4.6.2. PPI and Gene–Disease Association Analyses of LAP1-Interacting Proteins and LAP1 E482A Fibroblasts’ Differentially Expressed Proteins

Prior to analysis, the list of 375 LAP1 interactors generated in the present work (see Section 4.6.1) and the list of 386 differentially expressed proteins that had been identified by LC–MS/MS in LAP1-deficient fibroblasts carrying the LAP1 E482A mutation [32] were organized into different functional groups, designated as (i) Nuclear organization/Transcription regulation/DNA replication and repair; (ii) RNA processing and stability/Translation; (iii) Protein processing in the ER/Protein (re)folding, stability and proteasomal degradation; (iv) Cellular detoxification and redox homeostasis; (v) Mitochondrial biogenesis, metabolism and oxidative phosphorylation/Apoptosis; (vi) Cytoskeleton organization/Vesicle-mediated protein trafficking/Cell cycle; (vii) Lysosomal biogenesis and metabolism/Autophagy; (viii) Innate and adaptive immunity/Inflammatory response; (ix) Cilium biogenesis and motility; (x) Protein (de)phosphorylation/Signal transduction; (xi) Metabolism of carbohydrates, lipids, proteins, amino acids and nucleotides; (xii) Transport of small molecules, lipids and proteins; and (xiii) Other or unknown function.

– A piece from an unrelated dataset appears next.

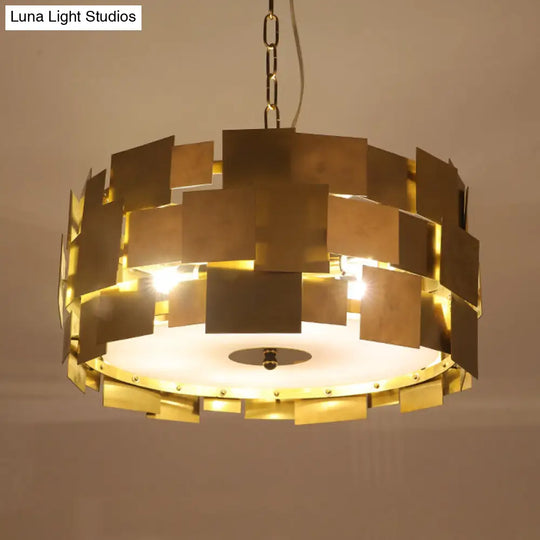 Modern Gold Square Panel Hanging Light With 6 Bulbs Metallic Drum Ceiling Chandelier Kit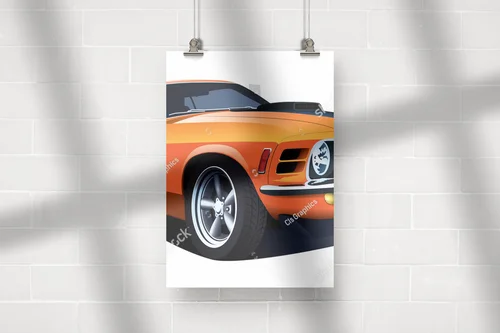 Stylowy muscle car z lat 70. w lśniącej bieli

This functional categorization of the aforementioned proteins was performed following an analysis of the respective GO annotations using the g:Profiler web tool (version e111_eg58_p18_30541362; accessed on February–March 2024) [35], complemented by a general search of the published literature at PubMed (accessed on February–April 2024) [85].
Once the above functional protein groups were established, the STRING database (version 12.0; accessed on April 2024) [34] was employed to assess both functional and physical associations between the LAP1 E482A fibroblasts’ deregulated proteins and the LAP1-interacting proteins belonging to each group, which was accomplished by choosing the full network subtype (experiments, databases, text mining, co-expression, neighborhood, co-occurrence and gene fusion as active interaction sources; minimum interaction score of 0.4). In turn, a bioinformatic gene–disease association analysis of each functional group was carried out using the DisGeNET online platform (version 7.0; accessed on April 2024) [37]. This analysis focused solely on diseases/pathological phenotypes similar to those that have already been associated to TOR1AIP1 mutations; as such, a filter was applied to the ‘Disease’ field to retrieve only those proteins with known associations to the following diseases/pathological phenotypes of interest: (i) Muscular dystrophy (CUI: C0026850); (ii) Muscular dystrophies, limb-girdle (CUI: C0686353); (iii) Cardiomyopathies (CUI: C0878544); (iv) Cardiomyopathy, dilated (CUI: C0007193); (v) Dystonia (CUI: C0013421); (vi) Dystonia disorders (CUI: C0393593); (vii) Myasthenic syndromes, congenital (CUI: C0751882); (viii) Microcephaly (CUI: C0025958); (ix) Cataract (CUI: C0086543); (x) Bilateral cataracts (CUI: C0521707); (xi) Sensorineural hearing loss (CUI: C0018784); (xii) Sensorineural hearing loss, bilateral (CUI: C0452138); (xiii) Congenital heart defects (CUI: C0018798); (xiv) Developmental delay (CUI: C0424605); and (xv) Short stature (CUI: C0349588). Lastly, based on the PPI data retrieved from the STRING database [34], as well as the gene–disease association data collected from the DisGeNET platform [37], the Cytoscape software (version 3.10.1) [36] was used to graphically illustrate the PPI networks representing the functional groups of proteins and respective associated disorders.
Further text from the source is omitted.